Sunday, April 29, 2012

Some hard lessons about college costs

In the political battle over college student loans, where will the SMART MONEY go? Democrats and Republicans both say they want to keep the interest rate on subsidized loans at 3.4 percent, but remain at odds over where the money should come from. Of course, what makes the issue so volatile in the first place is that college costs have been skyrocketing, but why? Our Cover Story is reported now by Rebecca Jarvis:

It's as picture-perfect as a college can get. But this idyllic campus outside of New York City is also a portrait of what college is America has become. Really, really expensive. ,/P>

In fact, Sarah Lawrence College has the dubious distinction of being perhaps the most expensive college in the nation.

The all-in costs to be a student there next year will top $60,000, for one year, said President Karen Lawrence.

She insists that her school, which provides an average of $31,000 in financial aid, is worth every penny.

"Ninety percent of our classes are seminars with an average of 11 or 12 in those classes," Lawrence said.

She says those small classes means lots of faculty, and that costs a lot. "Their salaries are not inflated, but you need more people, and that's where the money goes."

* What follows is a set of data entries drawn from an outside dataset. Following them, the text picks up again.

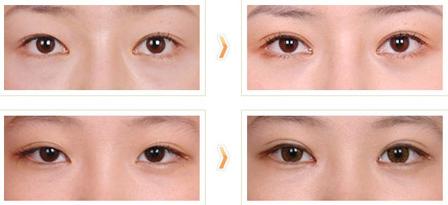 開外眼角多少錢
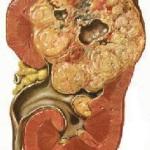 carcinoma renale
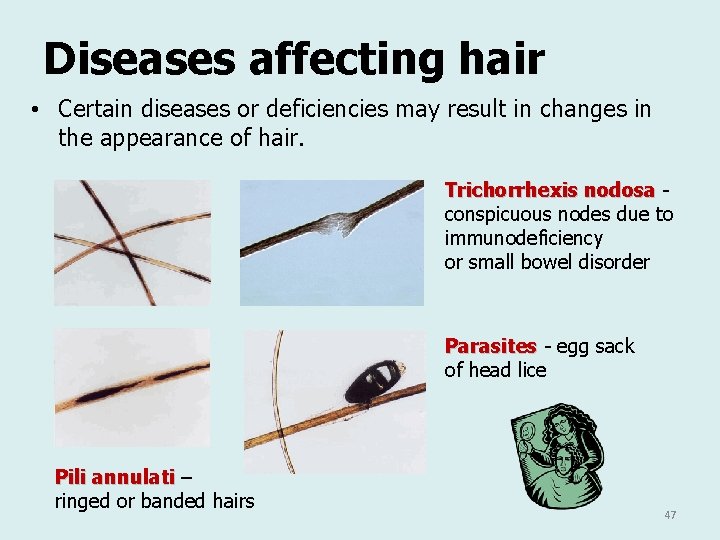 Diseases affecting hair • Certain diseases or deficiencies may result in changes in the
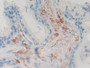 DAB staining on IHC-P; Samples: Human Prostate Tissue; Primary Ab: 10µg/ml Rabbit Anti-Human PRNP Antibody Second Ab: 2µg/mL HRP-Linked Caprine Anti-Rabbit IgG Polyclonal Antibody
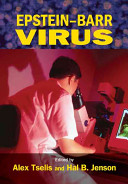 Epstein-Barr virus /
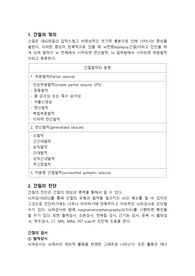 간질 워드클래스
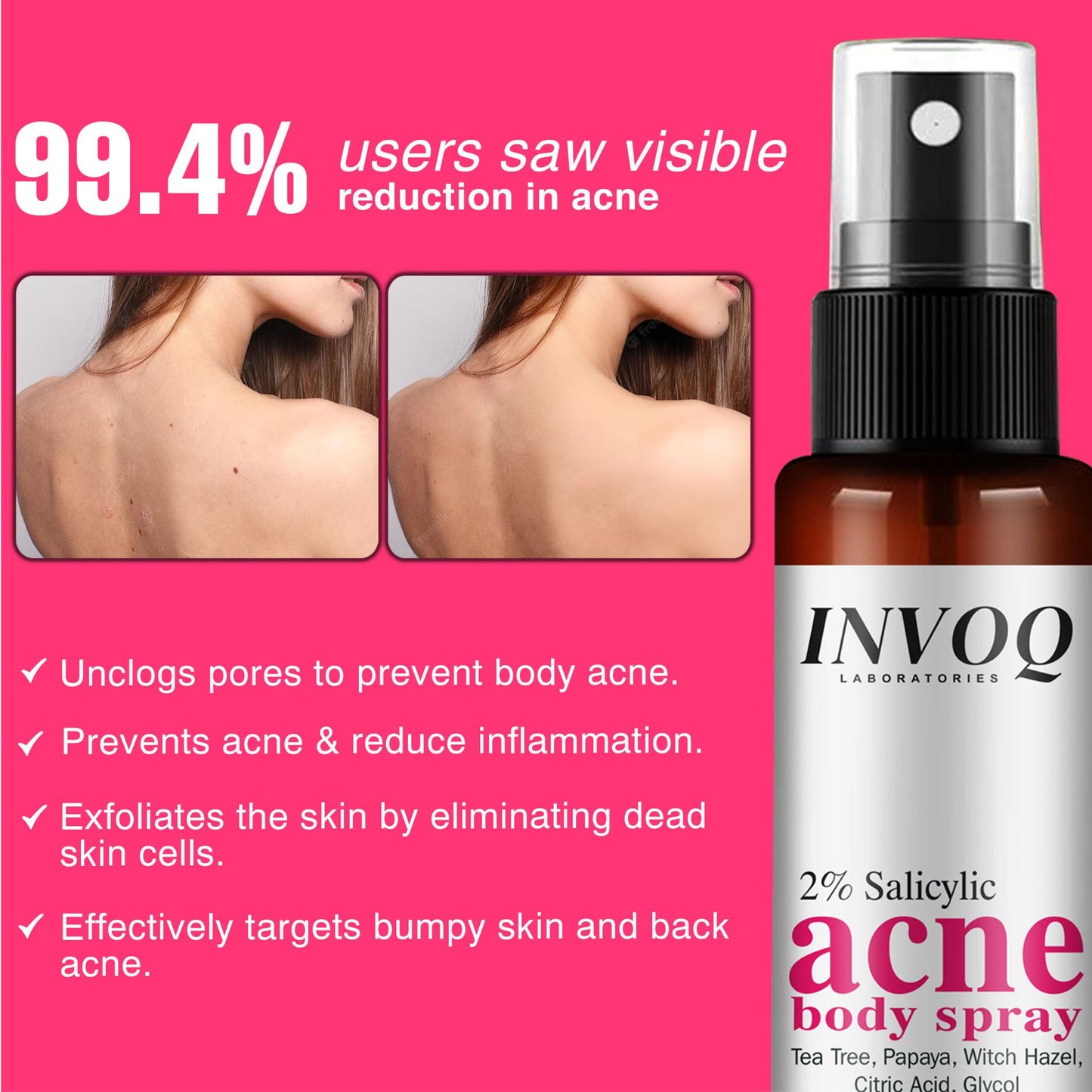 Salicylic Body Acne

"In other industries, we found ways to produce things using fewer labor hours, using more technology," said Sandy Baum, a senior economics fellow at George Washington University (which, at $55,000 a year, is pretty pricey). "We haven't really figured out how to do that in education."

The result? College tuition has risen as twice the pace of inflation. In fact, they've doubled in 10 years.

Baum also said the increased cost is not due to faculty being paid lots of money: "Faculty salaries have been pretty stagnant. But their compensation goes up when health care costs go up."

And higher prices - combined with growing enrollment - means there's much more student debt. The nation's student loan bill now tops all the nation's credit card bills.

Mark Kantrowitz, the publisher of finaid.org, one of the country's leading financial aid websites, said, "More and more students are having difficulty paying for colleges, which often forces them to borrow more, so debt at graduation is increasing quite steadily."

Last year, according to Kantrowitz, the average debt at graduation was $27,200. "If you throw in the parent loans, it's $34,400."

Last month students showed at the Washington, D.C. offices of Sallie Mae, protesting the higher and higher cost of a higher education.

Last week, still more protests.

"I absolutely see this as a crisis," said Natalia Abrams, an Occupy Colleges organizer. "It seems that every state, every school proposes 10 percent increases every year."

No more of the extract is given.